Он спрятал наган в кобуру, схватил одну из бутылок и нервно, сильным ударом ладони по днищу пытался выбить пробку. Я не успел его предупредить, что так можно выбить обыкновенную, но не резиновую пробку. Бутылка тут же взорвалась у него в руках. Острые, зеленоватые осколки толстого стекла глубоко пронзили обе ладони, обильно полилась на стол и на пол кровь, и Попач тут же сомлел, потерял сознание, обмяк, был подхвачен женщиной-дворником и уведён для оказания раненому первой медицинской помощи. И после всего, что происходило со мной в последние дни, после того, что случилось сейчас у меня на глазах, я не удивился и принял как должное известие о том, что уже пятый день война с Германией и немцы бомбят город.

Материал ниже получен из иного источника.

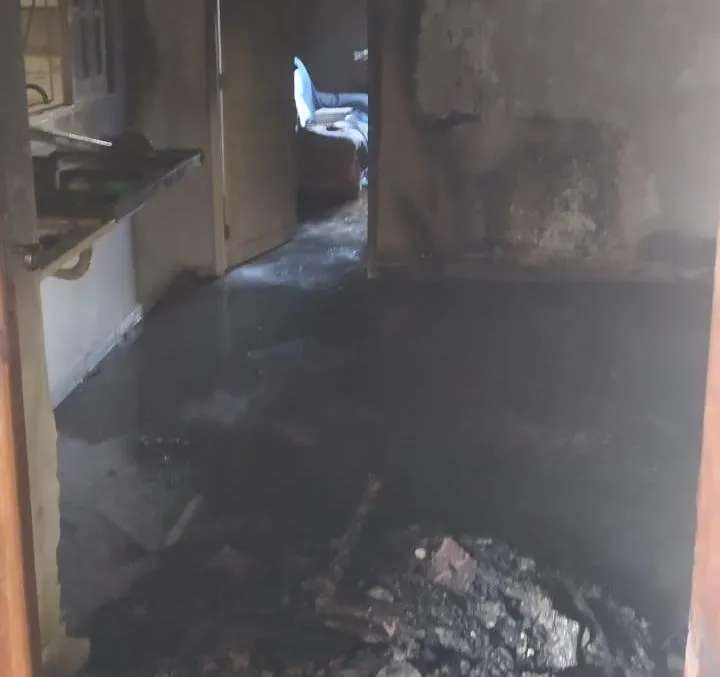 Colatina: incêndio em apartamento provoca desespero e moradores batem de porta em porta para esvaziar prédio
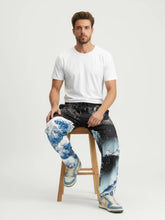 Pantalon harem japonais Koiwave à motif vague porté par un homme assis, style streetwear japonais moderne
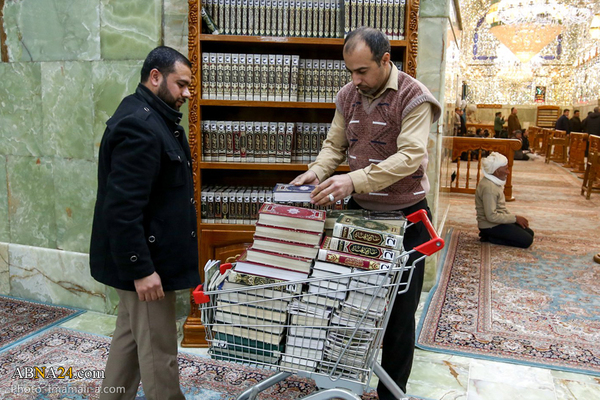 Fotos: Die Diener des Imam alis Schreins helfen den Pilgern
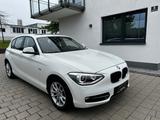 BMW 116 i Lim Sport Line Navi Pro Xenon SSD SHZ ALU - BMW 116: Schiebedach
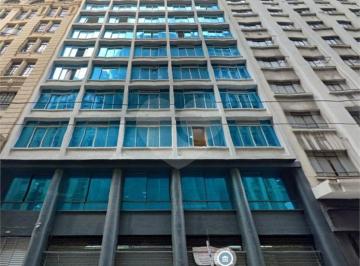 Área de Serviço · Prédio inteiro à venda em Centro - SP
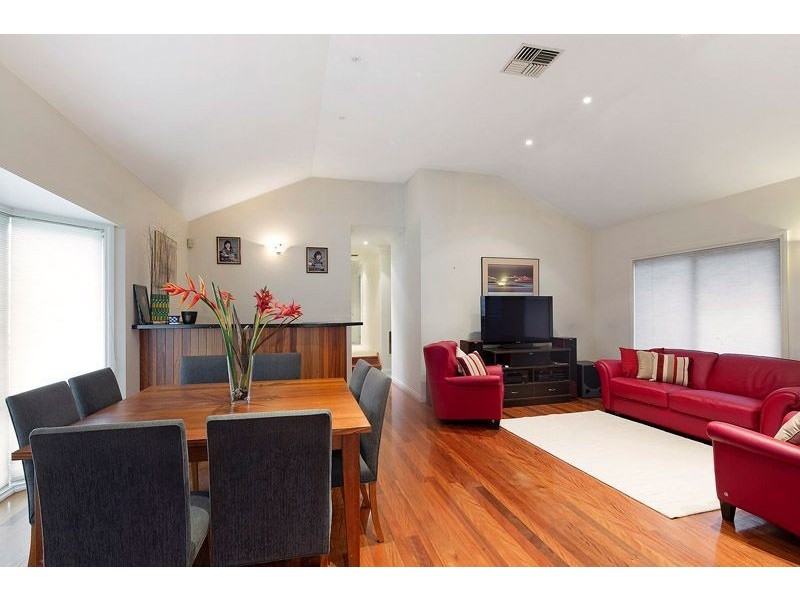 37 Rowitta Drive, Glen Waverley VIC 3150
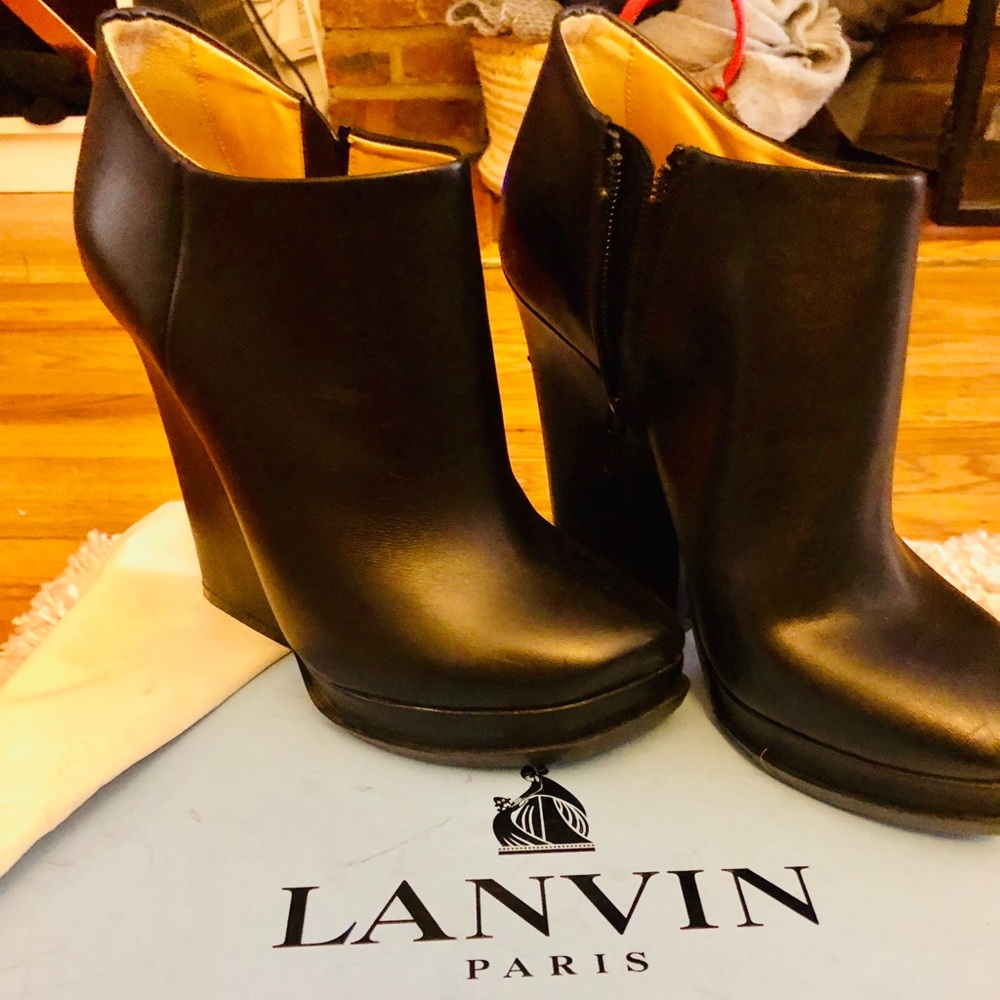 Lanvin Paris black leather ankle boots-  EU 38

Война началась для меня 28 июня, когда я пришёл в себя после шока, вызванного личными проблемами. В тот день бомбёжка была сильной, поскольку через город шли отступающие советские войска и жители, для которых бомбоубежища оказались переполненными, прятались в подвалах домов. Как среди них очутился председатель Осоавиахима Попач, да ещё без гимнастёрки, не знаю, но в этом есть символический смысл. Нас они учили быть бдительными, готовиться к завтрашней войне, читали лекции о возникновении пожаров при бомбёжках, а сами сразу же растерялись и разбежались по тем же подвалам, оставив город беззащитным и бомбящих его врагов – безнаказанными. Но для меня вид, который принял город после того, как все мои надежды разрушились, казался мне вполне естественным. Наоборот, если б после пяти дней моего бреда и ада, после кровоточащего хлебного куска в моих пальцах, я бы увидел город по-прежнему цветущим и по-летнему весёлым, это бы меня возмутило и испугало. Да, таков эгоизм больных и умирающих, эгоизм неумышленный и неосознанный. Среди тротуаров, усеянных битым оконным стеклом, среди сорванных со столбов проводов, вырванных с корнем и отброшенных на трамвайные пути деревьев, мне было легче. Я почувствовал себя даже человеком, пришедшим в мир, который ему соответствует, калекой в искалеченном мире. Явилось даже какое-то подобие чувства бодрости, свойственное выздоравливающим после тяжёлой болезни.